Furthermore, the Sunset Rule does not provide that a regulation’s expiration will be suspended simply because of public objections to HHS’s failure to review it. If members of the public sound the alarm and HHS ignores them, the unreviewed provision will still expire.

All of this is illegal. The federal Administrative Procedure Act requires that agencies provide a “reasoned explanation” for repealing a policy, based on a consideration of “relevant factors” such as the rule’s costs and benefits and the extent to which members of the public rely on it. Failure to provide such an explanation has foiled several high-profile Trump policies, such as its attempt to end the Deferred Action for Childhood Arrivals immigration program.

Yet in the Sunset Rule, HHS claims the power to repeal thousands of rules at once without so much as explaining what they do, much less justifying the harm that could arise in their absence. It’s an outrageous overreach, even by the standards of an administration with an 80% loss rate in the federal courts.

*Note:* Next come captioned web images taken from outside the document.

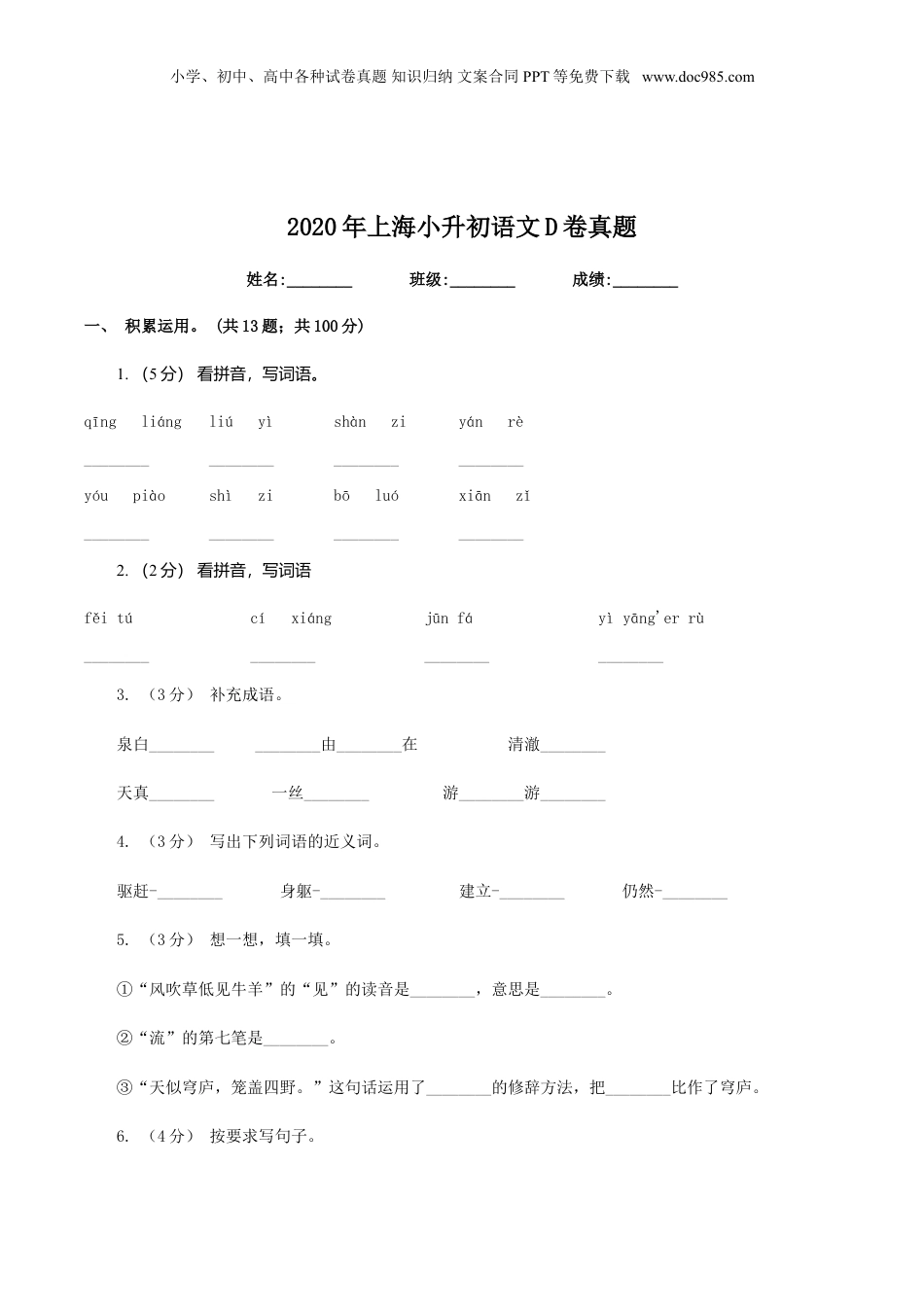 2020年上海小升初语文D卷真题.doc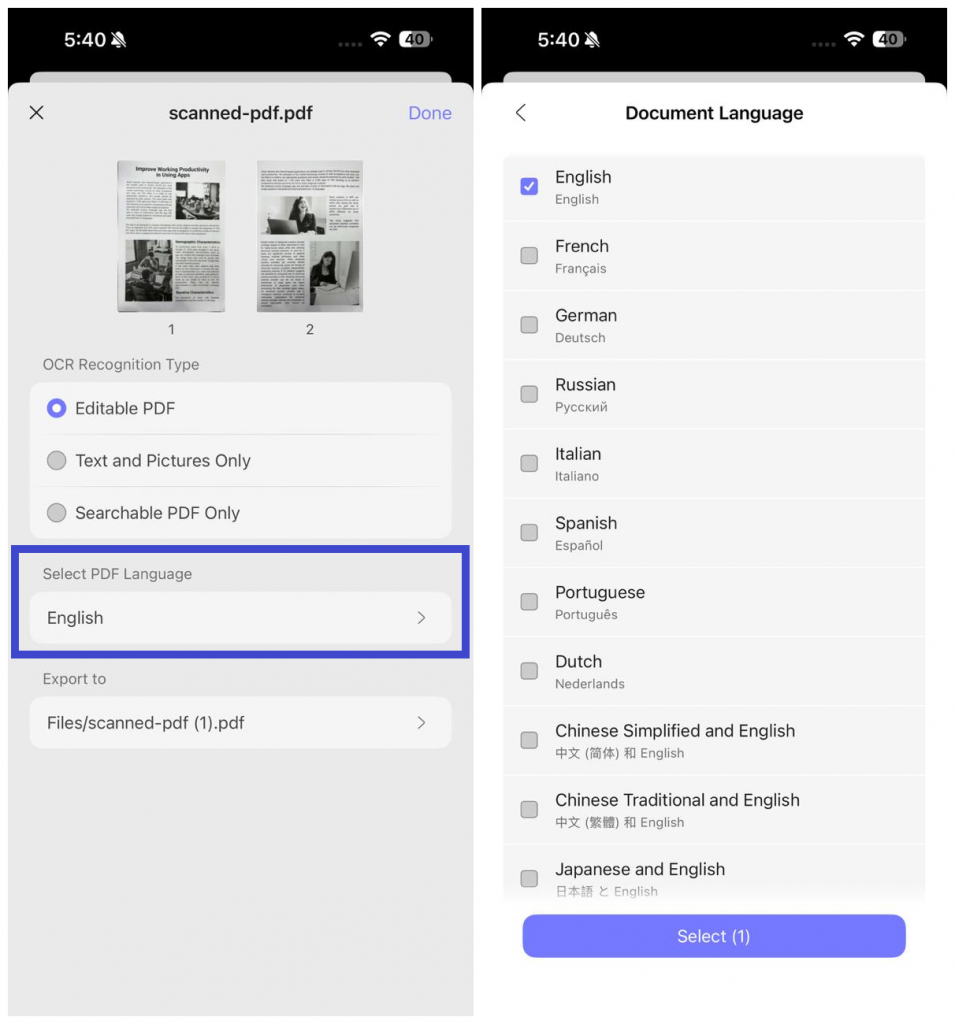 استخدام OCR على الهاتف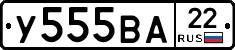 У555ВА22 - 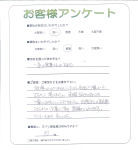 大阪府豊中市　Ｈ様
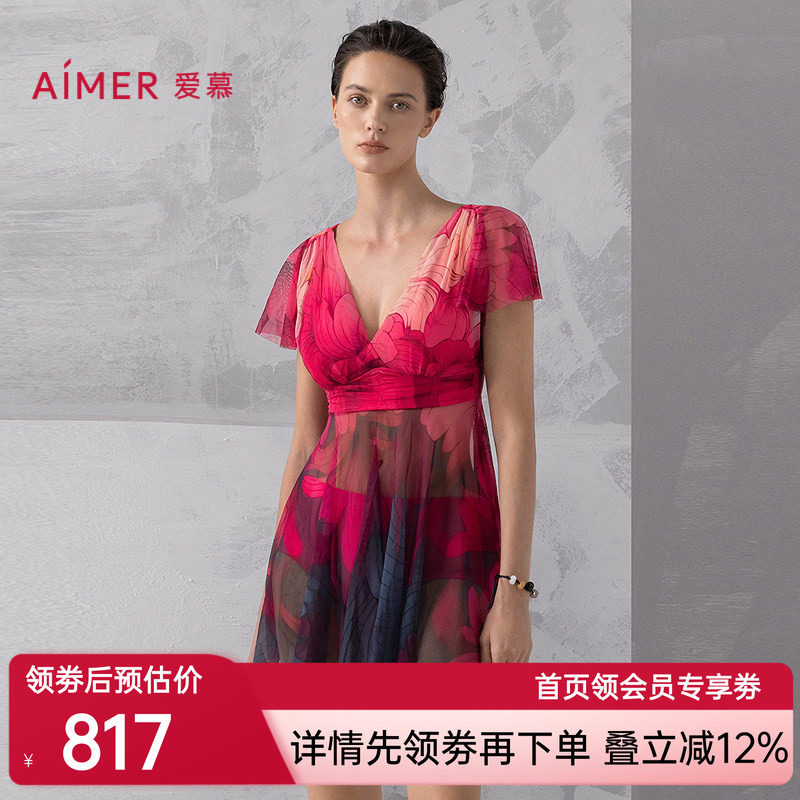 爱慕新品夏花颜泳装女士海边沙滩裙式分体平角泳衣AM67A902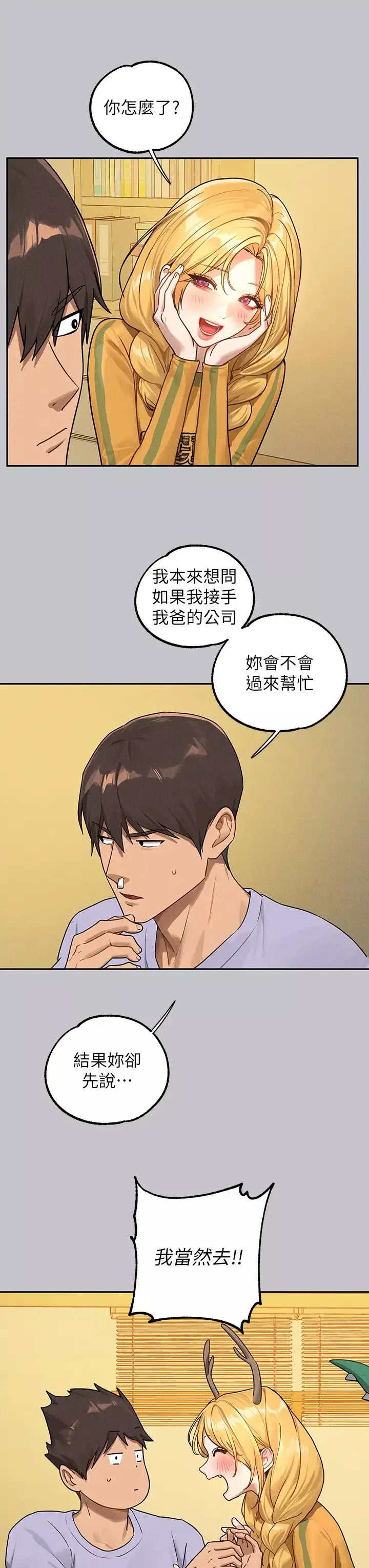 富家女姐姐第134話-你可以隨時「使用」我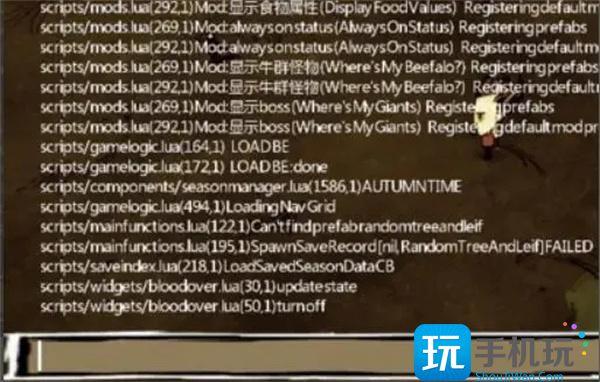 饥荒控制台指令代码怎么用图1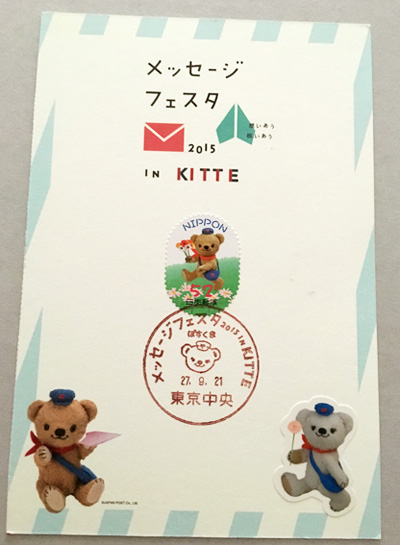 メッセージフェスタ2015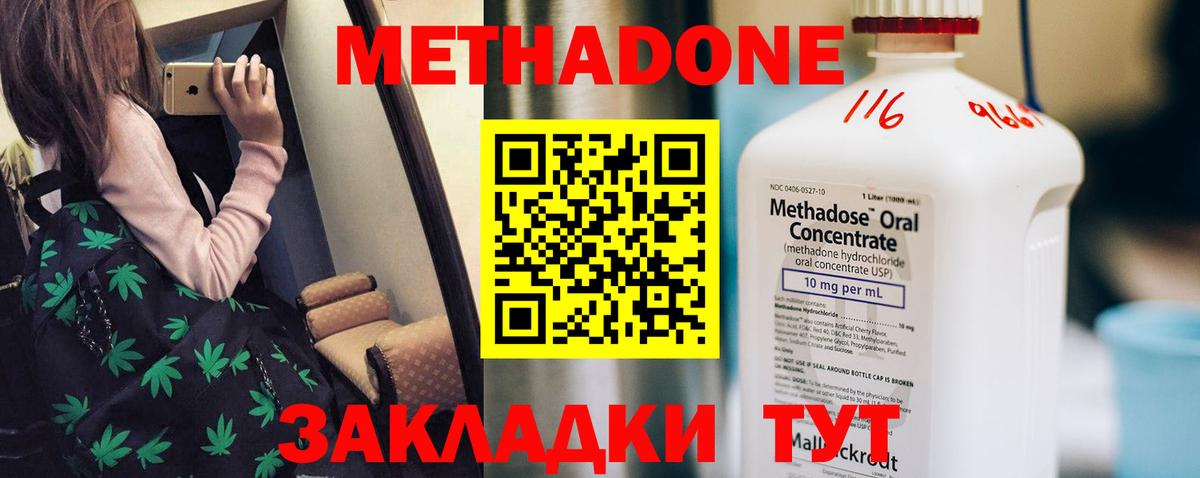 Бошки Шишки  Вход с VPN  Cocaine  ГАШИШ  МЕТ  Донецк  ГАШИШ  Меф  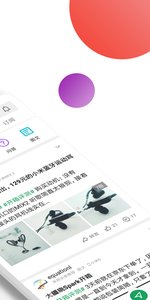 酷安软件截图4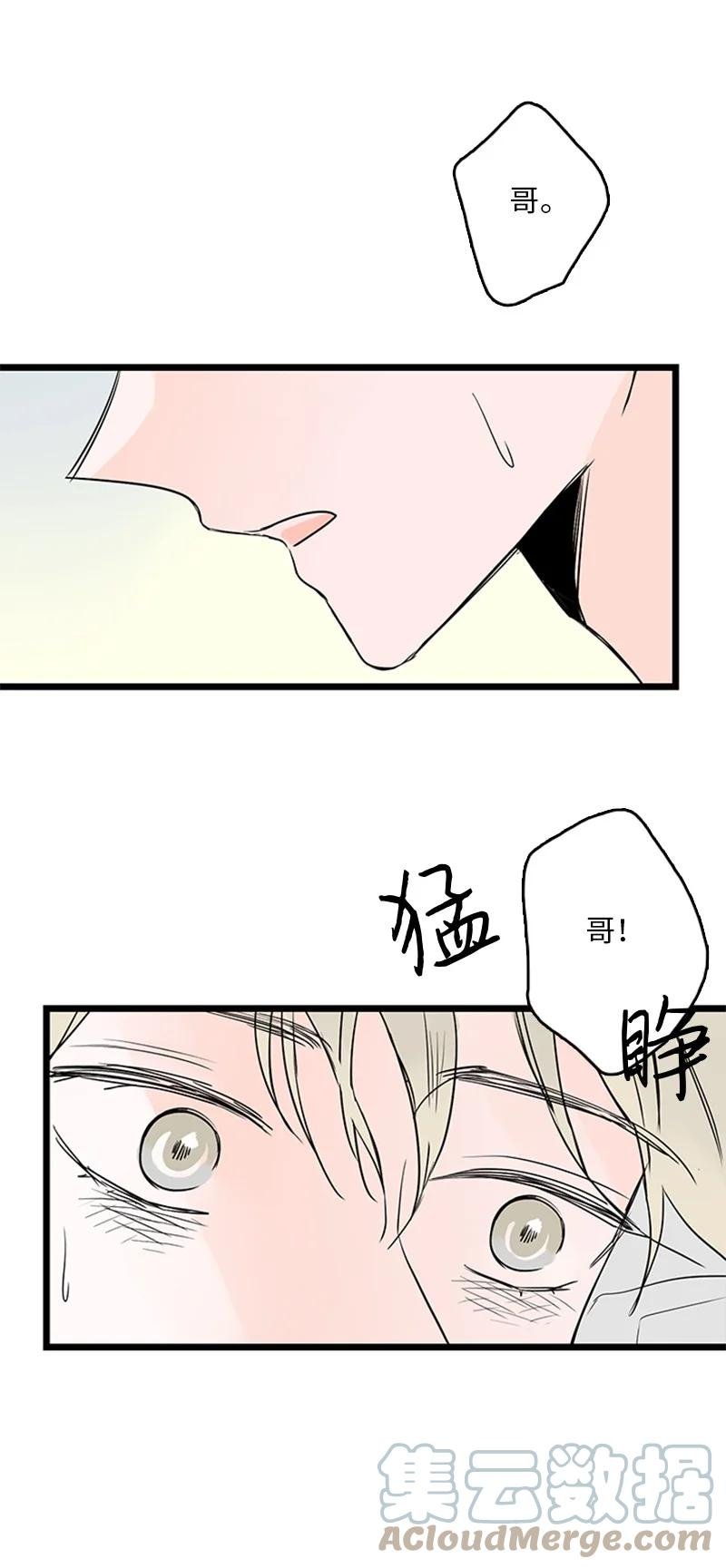34 比预想的更令人心动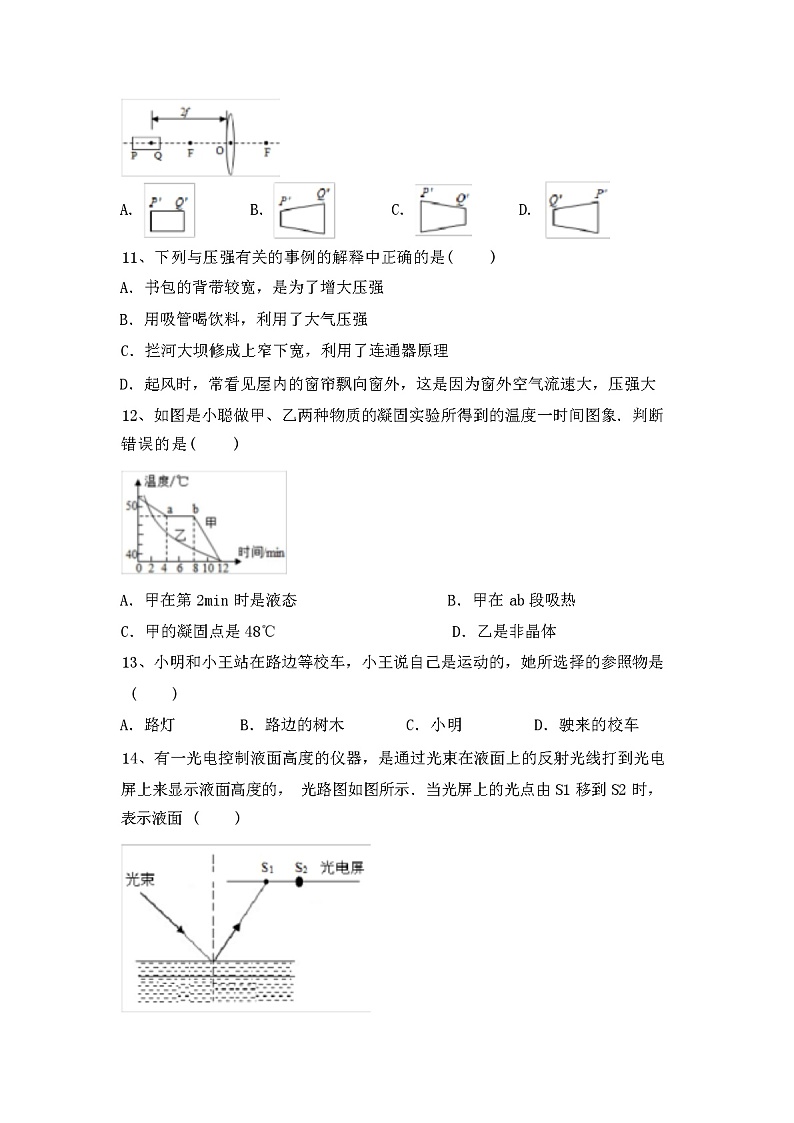 2023年秋上海市徐汇区八年级物理(上册)期中试卷及答案03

In the end, the Sunset Rule won’t result in a large number of automatic rescissions — not because HHS will actually complete all of the required reviews but because the rule itself will be scrapped, either by Congress (using a joint resolution of disapproval under the Congressional Review Act) or through a new rule-making under Becerra’s leadership.

The likelihood that the Sunset Rule will be reversed, however, does not excuse Azar’s recklessness in issuing it. The fact remains that if the policy is implemented, it could do great damage to our system of health regulation and, in turn, to public health itself.

In response to states’ anger over the flubbed vaccine rollout, Azar offered a glib defense of regulatory ambition: “You fail to achieve 100% of the goals you do not set.” But it is hardly admirable for a public official to make unrealistic and unjustified commitments, secure in the knowledge that the costs of his failure will be borne by others.

Jack Lienke is the regulatory policy director of the Institute for Policy Integrity and adjunct professor of law, both at New York University School of Law.